Migration Strategy: Polling to Event-Driven
Moving from polling-based integrations to event-driven architecture does not require a big-bang migration. A practical approach uses the strangler fig pattern: run both polling and event-driven consumers in parallel, gradually shifting consumers to the event-driven path as confidence builds.
- Phase 1 (Shadow mode): Deploy Kafka and event producers alongside existing polling integrations. Both systems run simultaneously, with the event-driven path in shadow mode. Compare results to verify correctness.
- Phase 2 (Incremental migration): Migrate one consumer at a time to the event-driven path. Start with non-critical consumers like analytics pipelines, then move to dashboards, and finally to clinical alert systems.
- Phase 3 (Decommission polling): Once all consumers are verified on the event-driven path, disable polling integrations. Retain the polling code as a fallback for disaster recovery.
This phased approach reduces risk and allows the team to build operational expertise with Kafka before it becomes the primary clinical data delivery mechanism. Organizations that have adopted both HL7 and FHIR standards can apply the same strangler pattern to migrate HL7 v2 ADT feeds to FHIR-based event streams.
Frequently Asked Questions
Why use Kafka instead of direct webhooks for FHIR events?
Direct webhooks fail when the consumer is temporarily unavailable—the event is lost. Kafka provides durable storage, replay capability, and the ability for multiple independent consumers to process the same events. For clinical systems where event loss can affect patient safety, Kafka's durability guarantees are essential.
What is the difference between FHIR Subscriptions and CDC?
FHIR Subscriptions are application-level—the FHIR server detects changes and notifies subscribers. CDC is database-level—it reads the transaction log and captures every change regardless of how it entered the database. Use FHIR Subscriptions when the FHIR server supports R5 topics. Use CDC when you need to capture changes from non-FHIR sources or legacy databases.
How do you handle event ordering for the same patient?
Partition Kafka topics by patient ID. All events for the same patient flow through the same partition, and Kafka guarantees ordering within a partition. This ensures that clinical events for a given patient are processed in the correct chronological sequence.
What retention period should clinical events have?
Operational events (dashboards, alerts) need 7-30 days of retention. Analytics events need 90 days to 1 year. Audit events should be retained for 7 years to meet HIPAA requirements. Use tiered storage—hot storage on Kafka brokers for recent events, cold storage on S3 for long-term audit retention.
Can this architecture work with existing HL7 v2 interfaces?
Yes. HL7 v2 messages can be published to Kafka topics using a Mirth Connect channel or a custom adapter. The event consumer normalizes HL7 v2 messages into FHIR resources before processing. This hybrid approach allows gradual migration from HL7 v2 to FHIR without disrupting existing integrations.
How do you handle schema evolution for FHIR events?
Use a schema registry with backward compatibility mode. When the FHIR event schema changes (e.g., adding new fields to the event envelope), the registry validates that existing consumers can still parse the new format.
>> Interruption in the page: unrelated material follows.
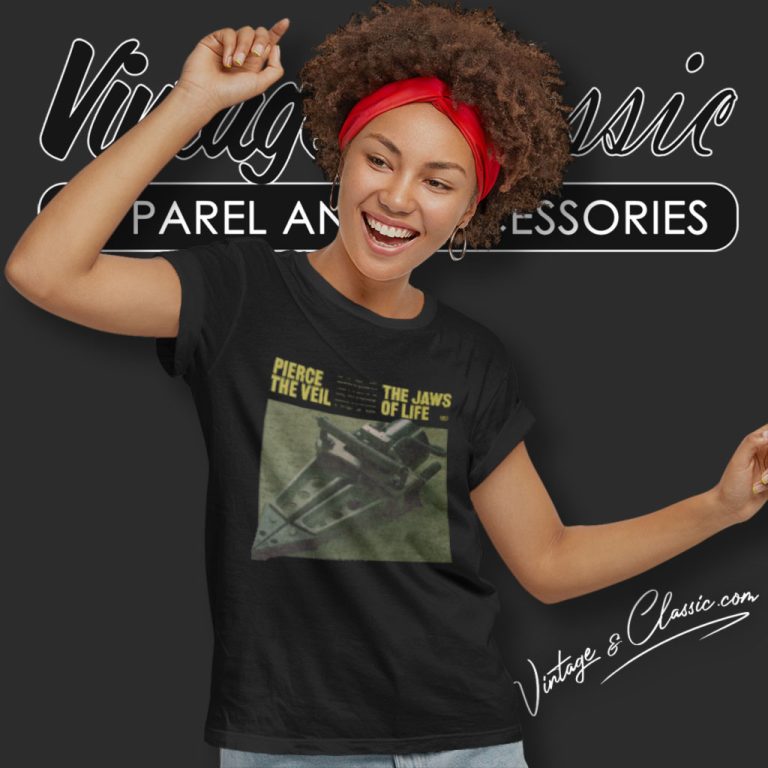 Pierce The Veil Shirt The Jaws Of Life Women T Shirt Pierce The Veil Shirt The Jaws Of Life Women T Shirt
FHIR resources themselves are forward-compatible by design—consumers should ignore unknown elements rather than failing.
What happens when a Kafka broker goes down?
Kafka replicates data across multiple brokers. With a replication factor of 3 (standard for production), the cluster tolerates the loss of any two brokers without data loss. Producers and consumers automatically failover to remaining brokers. For healthcare deployments, run Kafka across three availability zones to protect against infrastructure failures.